Task statement
Word for word, restate the lines from the start of the data below through the line containing "Eternal Diamond Heart Necklace".

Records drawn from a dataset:
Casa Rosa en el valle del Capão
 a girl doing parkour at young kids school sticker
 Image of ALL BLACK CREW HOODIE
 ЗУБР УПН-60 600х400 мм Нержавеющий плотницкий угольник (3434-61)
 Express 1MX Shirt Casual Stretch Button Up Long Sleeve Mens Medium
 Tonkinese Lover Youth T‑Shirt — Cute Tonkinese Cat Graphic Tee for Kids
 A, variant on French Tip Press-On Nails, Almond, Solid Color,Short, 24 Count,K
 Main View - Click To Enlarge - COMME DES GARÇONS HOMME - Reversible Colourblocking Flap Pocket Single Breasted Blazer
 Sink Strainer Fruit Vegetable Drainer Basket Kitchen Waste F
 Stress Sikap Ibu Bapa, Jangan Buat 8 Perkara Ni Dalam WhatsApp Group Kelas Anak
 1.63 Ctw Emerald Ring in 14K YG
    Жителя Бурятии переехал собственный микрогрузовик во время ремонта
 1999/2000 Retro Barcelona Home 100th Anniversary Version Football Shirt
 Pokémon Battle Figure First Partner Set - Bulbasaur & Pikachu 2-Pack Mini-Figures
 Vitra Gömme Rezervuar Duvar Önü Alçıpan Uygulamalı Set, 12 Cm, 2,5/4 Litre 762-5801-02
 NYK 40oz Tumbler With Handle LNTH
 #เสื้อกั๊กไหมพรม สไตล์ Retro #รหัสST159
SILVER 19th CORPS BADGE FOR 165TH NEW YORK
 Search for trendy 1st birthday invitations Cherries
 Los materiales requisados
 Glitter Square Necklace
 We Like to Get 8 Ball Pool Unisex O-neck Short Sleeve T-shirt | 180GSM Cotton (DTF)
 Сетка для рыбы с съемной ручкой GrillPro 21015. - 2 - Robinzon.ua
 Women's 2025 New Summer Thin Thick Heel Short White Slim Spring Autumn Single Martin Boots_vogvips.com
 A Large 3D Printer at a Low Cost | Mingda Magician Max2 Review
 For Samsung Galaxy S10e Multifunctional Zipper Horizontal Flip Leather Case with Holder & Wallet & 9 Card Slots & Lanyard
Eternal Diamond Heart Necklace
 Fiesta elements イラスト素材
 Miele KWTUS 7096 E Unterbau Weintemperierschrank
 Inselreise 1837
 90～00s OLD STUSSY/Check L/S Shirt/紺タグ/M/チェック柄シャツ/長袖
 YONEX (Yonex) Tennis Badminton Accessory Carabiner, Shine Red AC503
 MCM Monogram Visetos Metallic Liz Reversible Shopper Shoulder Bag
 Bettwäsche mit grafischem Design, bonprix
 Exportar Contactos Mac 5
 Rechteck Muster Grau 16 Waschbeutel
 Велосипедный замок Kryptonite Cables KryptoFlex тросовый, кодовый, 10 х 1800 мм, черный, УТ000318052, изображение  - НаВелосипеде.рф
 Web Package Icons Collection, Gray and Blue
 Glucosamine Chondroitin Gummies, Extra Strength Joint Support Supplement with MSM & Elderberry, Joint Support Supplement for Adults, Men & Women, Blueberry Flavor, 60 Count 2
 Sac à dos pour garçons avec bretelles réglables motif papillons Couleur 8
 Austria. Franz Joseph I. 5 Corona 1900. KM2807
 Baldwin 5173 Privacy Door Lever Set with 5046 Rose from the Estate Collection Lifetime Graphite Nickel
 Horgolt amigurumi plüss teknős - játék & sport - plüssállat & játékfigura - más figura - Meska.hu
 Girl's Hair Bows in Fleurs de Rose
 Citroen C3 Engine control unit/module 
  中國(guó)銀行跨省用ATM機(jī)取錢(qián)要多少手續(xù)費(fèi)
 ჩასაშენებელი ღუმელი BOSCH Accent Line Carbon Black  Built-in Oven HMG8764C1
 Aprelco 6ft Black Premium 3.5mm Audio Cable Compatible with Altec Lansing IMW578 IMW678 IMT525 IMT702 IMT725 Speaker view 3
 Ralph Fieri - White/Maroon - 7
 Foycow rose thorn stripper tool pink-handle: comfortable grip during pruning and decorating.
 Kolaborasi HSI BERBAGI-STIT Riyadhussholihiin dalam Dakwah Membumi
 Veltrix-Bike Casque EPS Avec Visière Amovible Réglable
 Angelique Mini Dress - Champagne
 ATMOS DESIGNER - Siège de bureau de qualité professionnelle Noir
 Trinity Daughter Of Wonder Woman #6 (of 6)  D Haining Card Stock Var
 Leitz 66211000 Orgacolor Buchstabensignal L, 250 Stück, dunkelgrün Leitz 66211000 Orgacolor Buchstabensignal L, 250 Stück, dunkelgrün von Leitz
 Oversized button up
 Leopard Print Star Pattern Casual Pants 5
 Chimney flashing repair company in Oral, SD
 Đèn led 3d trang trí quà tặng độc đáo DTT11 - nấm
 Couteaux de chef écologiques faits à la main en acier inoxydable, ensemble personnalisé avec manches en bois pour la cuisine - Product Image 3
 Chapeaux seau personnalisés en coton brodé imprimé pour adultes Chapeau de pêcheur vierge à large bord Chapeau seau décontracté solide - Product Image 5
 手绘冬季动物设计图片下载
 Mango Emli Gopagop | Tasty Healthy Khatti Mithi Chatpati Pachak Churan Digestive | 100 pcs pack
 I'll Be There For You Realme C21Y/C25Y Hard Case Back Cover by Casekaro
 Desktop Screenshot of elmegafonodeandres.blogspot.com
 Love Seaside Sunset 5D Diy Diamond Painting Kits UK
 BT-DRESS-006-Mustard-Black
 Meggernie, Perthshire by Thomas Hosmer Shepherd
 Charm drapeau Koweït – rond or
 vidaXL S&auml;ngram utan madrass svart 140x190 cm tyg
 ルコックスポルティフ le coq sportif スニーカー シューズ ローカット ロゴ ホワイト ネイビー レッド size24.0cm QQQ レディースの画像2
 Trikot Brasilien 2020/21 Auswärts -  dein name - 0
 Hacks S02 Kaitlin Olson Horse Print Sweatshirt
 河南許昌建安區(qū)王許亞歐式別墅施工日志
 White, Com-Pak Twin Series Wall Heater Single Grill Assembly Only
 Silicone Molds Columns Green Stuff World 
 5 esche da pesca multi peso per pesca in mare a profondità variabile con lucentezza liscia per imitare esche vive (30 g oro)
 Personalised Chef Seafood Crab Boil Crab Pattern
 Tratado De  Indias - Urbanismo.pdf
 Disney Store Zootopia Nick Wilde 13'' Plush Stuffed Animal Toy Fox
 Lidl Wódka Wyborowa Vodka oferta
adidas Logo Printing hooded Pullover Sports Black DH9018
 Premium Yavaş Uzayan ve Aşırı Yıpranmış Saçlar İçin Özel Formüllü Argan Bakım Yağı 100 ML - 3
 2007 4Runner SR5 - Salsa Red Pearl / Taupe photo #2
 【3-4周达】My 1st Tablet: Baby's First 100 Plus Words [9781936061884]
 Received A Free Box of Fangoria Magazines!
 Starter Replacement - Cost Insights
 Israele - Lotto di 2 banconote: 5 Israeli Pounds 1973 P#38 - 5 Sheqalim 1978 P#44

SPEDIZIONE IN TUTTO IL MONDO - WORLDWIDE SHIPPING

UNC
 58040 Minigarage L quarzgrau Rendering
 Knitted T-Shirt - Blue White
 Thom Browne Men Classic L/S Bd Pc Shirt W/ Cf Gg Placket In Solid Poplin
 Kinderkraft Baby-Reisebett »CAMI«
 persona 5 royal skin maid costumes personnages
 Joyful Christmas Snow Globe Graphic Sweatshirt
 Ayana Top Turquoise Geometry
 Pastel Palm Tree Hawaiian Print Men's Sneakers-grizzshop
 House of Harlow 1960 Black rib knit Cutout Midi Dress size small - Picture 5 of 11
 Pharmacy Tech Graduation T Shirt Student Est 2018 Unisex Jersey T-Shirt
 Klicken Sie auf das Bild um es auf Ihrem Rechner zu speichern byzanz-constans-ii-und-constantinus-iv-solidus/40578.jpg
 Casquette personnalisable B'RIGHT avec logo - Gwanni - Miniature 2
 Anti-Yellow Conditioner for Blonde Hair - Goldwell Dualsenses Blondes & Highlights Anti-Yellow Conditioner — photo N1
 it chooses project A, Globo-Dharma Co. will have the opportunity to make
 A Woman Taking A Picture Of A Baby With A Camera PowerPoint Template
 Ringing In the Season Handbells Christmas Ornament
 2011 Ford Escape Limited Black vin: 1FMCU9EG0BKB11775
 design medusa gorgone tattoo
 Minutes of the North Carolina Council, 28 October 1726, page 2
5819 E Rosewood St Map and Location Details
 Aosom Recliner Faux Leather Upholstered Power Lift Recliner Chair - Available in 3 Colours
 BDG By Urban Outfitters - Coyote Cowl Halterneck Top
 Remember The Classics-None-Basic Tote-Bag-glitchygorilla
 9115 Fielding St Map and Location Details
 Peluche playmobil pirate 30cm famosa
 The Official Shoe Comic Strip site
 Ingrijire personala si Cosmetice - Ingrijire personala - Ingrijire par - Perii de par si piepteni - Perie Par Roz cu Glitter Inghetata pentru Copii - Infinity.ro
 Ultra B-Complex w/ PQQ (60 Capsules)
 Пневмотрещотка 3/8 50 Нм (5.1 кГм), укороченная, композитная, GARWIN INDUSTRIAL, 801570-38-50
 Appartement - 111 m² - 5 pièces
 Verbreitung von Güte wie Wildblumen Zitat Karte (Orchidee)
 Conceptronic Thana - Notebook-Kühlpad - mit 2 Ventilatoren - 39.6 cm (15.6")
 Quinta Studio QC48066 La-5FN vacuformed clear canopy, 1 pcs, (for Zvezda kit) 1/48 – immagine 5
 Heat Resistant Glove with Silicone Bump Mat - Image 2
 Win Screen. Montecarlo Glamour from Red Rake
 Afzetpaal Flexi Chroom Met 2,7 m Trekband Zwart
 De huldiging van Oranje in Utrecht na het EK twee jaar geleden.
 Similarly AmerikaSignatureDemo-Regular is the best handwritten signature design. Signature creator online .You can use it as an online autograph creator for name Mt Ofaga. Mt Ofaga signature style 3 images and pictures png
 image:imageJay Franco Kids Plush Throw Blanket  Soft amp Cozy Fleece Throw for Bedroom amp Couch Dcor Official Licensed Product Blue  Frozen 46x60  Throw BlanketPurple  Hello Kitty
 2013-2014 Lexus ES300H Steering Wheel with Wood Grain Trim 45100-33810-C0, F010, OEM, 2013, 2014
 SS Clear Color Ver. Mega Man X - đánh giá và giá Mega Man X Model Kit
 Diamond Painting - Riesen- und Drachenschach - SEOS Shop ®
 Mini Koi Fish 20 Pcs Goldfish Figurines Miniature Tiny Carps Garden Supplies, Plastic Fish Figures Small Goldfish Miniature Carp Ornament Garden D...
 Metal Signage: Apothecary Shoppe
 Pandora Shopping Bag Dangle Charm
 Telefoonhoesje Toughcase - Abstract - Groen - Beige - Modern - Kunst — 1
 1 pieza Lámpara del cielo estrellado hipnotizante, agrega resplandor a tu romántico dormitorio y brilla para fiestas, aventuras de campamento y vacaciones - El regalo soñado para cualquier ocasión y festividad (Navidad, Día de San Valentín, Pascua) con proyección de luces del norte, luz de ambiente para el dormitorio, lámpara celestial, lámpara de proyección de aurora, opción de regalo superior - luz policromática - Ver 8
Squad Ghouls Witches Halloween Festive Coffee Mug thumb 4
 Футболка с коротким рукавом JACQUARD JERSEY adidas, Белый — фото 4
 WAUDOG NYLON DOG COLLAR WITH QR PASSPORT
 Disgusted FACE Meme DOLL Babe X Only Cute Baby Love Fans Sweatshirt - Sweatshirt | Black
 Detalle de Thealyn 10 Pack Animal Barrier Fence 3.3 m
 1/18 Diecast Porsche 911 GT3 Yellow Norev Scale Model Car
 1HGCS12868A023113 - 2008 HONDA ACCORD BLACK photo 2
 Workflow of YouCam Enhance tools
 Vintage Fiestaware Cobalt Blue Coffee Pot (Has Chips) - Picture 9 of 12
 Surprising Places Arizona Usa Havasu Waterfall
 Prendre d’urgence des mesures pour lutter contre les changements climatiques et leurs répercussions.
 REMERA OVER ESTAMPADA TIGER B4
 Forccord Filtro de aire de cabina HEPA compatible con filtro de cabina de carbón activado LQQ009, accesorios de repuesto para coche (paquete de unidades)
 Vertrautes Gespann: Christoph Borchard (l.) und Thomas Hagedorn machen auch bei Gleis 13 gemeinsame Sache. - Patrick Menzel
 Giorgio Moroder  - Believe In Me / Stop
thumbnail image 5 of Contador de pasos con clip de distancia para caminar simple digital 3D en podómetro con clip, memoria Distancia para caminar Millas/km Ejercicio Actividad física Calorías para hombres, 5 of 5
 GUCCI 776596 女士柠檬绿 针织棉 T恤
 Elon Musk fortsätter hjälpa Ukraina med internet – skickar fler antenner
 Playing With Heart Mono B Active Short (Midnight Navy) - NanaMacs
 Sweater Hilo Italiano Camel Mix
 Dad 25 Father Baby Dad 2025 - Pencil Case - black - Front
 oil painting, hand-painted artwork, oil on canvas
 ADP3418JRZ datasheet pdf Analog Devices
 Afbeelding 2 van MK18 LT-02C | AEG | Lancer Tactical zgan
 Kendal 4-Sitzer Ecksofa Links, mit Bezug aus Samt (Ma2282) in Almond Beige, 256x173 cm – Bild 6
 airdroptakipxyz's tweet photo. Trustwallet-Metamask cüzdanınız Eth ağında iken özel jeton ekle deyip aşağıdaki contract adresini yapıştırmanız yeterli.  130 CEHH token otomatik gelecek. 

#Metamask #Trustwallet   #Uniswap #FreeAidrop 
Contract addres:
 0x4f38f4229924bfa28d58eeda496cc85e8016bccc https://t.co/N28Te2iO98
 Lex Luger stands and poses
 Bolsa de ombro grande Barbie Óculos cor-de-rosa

Exercise response
Casa Rosa en el valle del Capão
 a girl doing parkour at young kids school sticker
 Image of ALL BLACK CREW HOODIE
 ЗУБР УПН-60 600х400 мм Нержавеющий плотницкий угольник (3434-61)
 Express 1MX Shirt Casual Stretch Button Up Long Sleeve Mens Medium
 Tonkinese Lover Youth T‑Shirt — Cute Tonkinese Cat Graphic Tee for Kids
 A, variant on French Tip Press-On Nails, Almond, Solid Color,Short, 24 Count,K
 Main View - Click To Enlarge - COMME DES GARÇONS HOMME - Reversible Colourblocking Flap Pocket Single Breasted Blazer
 Sink Strainer Fruit Vegetable Drainer Basket Kitchen Waste F
 Stress Sikap Ibu Bapa, Jangan Buat 8 Perkara Ni Dalam WhatsApp Group Kelas Anak
 1.63 Ctw Emerald Ring in 14K YG
    Жителя Бурятии переехал собственный микрогрузовик во время ремонта
 1999/2000 Retro Barcelona Home 100th Anniversary Version Football Shirt
 Pokémon Battle Figure First Partner Set - Bulbasaur & Pikachu 2-Pack Mini-Figures
 Vitra Gömme Rezervuar Duvar Önü Alçıpan Uygulamalı Set, 12 Cm, 2,5/4 Litre 762-5801-02
 NYK 40oz Tumbler With Handle LNTH
 #เสื้อกั๊กไหมพรม สไตล์ Retro #รหัสST159
SILVER 19th CORPS BADGE FOR 165TH NEW YORK
 Search for trendy 1st birthday invitations Cherries
 Los materiales requisados
 Glitter Square Necklace
 We Like to Get 8 Ball Pool Unisex O-neck Short Sleeve T-shirt | 180GSM Cotton (DTF)
 Сетка для рыбы с съемной ручкой GrillPro 21015. - 2 - Robinzon.ua
 Women's 2025 New Summer Thin Thick Heel Short White Slim Spring Autumn Single Martin Boots_vogvips.com
 A Large 3D Printer at a Low Cost | Mingda Magician Max2 Review
 For Samsung Galaxy S10e Multifunctional Zipper Horizontal Flip Leather Case with Holder & Wallet & 9 Card Slots & Lanyard
Eternal Diamond Heart Necklace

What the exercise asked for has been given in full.